In 2. a+b = +- (c+d).

Posted from my mobile device

Hi Dushyant20,

The OA is correct, both statements are sufficient.

The question is $$(a + b) < (c + d)$$ ?
Or in other words $$(a + b) - (c + d) < 0$$ ?

The answer is NO, if left side is equal to zero or greater than 0
The answer is YES, if left side is less than 0

Statement 2: $$a$$ and $$b$$ are positive integers such that $$(a+b)^2−(c+d)^2=0$$

So $$(a+b)^2−(c+d)^2=0$$ and $$(a+b) > 0$$ while $$(c+d)$$ can be both positive and negative

First let $$(c+d)$$ be postive and , for example, equal to $$5$$. For the equality in Statement 2 to be true $$(a+b)$$ should also be equal to $$5$$
Now answer the question whether $$(a+b) - (c+d)<0$$ ? Or is $$5 - 5$$ less than $$0$$? The answer is NO because $$0$$ is not less than $$0$$.

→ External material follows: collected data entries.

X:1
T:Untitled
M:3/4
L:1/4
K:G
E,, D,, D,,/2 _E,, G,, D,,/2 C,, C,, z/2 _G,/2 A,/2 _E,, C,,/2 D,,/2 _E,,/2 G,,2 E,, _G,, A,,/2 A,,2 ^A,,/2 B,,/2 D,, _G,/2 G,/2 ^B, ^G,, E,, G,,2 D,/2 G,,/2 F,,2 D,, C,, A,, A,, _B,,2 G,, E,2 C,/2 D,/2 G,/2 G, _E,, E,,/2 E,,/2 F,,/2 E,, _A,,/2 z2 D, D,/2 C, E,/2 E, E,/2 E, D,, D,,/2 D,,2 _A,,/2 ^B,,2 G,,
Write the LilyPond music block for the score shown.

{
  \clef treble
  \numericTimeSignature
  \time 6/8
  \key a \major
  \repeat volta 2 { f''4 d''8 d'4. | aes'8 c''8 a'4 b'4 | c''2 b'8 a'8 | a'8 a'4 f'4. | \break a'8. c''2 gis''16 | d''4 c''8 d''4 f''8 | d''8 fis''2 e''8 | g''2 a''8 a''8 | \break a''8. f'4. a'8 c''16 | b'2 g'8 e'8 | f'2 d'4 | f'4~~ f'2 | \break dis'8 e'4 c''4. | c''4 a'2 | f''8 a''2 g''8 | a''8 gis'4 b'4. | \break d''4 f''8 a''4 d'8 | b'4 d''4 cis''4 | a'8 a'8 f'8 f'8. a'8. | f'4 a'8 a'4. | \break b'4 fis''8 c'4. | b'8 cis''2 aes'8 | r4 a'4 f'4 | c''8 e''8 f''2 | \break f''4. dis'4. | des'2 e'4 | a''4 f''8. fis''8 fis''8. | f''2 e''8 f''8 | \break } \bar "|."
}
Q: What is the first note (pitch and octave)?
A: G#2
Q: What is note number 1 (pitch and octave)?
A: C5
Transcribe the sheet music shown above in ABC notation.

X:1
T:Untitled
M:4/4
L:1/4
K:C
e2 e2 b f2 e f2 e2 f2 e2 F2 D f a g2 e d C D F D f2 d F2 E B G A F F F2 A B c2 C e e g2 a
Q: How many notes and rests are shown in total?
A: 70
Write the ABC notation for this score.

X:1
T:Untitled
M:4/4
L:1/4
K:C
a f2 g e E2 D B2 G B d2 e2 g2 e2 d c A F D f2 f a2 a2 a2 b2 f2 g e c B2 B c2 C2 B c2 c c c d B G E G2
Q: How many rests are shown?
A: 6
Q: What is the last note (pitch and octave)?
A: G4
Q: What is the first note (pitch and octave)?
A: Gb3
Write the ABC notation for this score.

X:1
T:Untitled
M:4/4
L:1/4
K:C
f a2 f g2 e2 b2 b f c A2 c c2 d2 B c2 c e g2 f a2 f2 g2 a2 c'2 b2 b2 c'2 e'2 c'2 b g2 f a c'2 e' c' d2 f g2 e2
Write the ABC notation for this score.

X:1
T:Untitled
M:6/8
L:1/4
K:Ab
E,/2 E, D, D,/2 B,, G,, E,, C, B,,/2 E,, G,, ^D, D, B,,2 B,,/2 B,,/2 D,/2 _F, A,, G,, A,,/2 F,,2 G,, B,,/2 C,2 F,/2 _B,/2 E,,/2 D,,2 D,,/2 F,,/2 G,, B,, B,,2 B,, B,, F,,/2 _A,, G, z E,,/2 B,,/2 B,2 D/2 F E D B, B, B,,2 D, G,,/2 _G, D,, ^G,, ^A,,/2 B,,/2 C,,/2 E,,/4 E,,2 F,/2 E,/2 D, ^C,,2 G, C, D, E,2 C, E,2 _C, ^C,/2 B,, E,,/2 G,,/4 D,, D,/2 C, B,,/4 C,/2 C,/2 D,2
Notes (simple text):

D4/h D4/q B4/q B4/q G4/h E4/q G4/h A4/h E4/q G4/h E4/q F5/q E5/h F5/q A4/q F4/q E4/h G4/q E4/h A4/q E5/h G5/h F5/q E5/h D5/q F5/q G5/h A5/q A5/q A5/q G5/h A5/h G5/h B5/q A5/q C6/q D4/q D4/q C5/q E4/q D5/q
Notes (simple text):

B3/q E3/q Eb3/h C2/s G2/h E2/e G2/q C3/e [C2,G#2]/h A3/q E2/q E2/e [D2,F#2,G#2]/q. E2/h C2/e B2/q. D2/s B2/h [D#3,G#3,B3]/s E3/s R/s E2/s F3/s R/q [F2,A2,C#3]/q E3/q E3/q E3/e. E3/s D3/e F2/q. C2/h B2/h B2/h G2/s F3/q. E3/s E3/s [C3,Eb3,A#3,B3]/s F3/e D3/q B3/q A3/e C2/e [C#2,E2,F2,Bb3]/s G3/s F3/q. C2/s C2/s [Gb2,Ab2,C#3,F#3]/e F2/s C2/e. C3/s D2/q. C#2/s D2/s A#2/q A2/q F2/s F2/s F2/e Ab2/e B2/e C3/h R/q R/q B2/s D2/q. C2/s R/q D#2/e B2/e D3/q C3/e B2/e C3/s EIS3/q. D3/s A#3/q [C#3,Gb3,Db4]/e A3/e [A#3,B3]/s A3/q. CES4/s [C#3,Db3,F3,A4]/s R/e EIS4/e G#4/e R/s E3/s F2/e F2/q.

Second let $$(c+d)$$ be negative and equal to $$-5$$. Now $$(a+b)$$ is still positive according to Statement 2 and thus equal to $$5$$.
Again answer the question whether $$(a+b) - (c+d)<0$$ ? Or is $$5 - (-5)$$ less than $$0$$? The answer is again NO because 10 is not less than 0.

Thus, Statement 2 is Sufficient.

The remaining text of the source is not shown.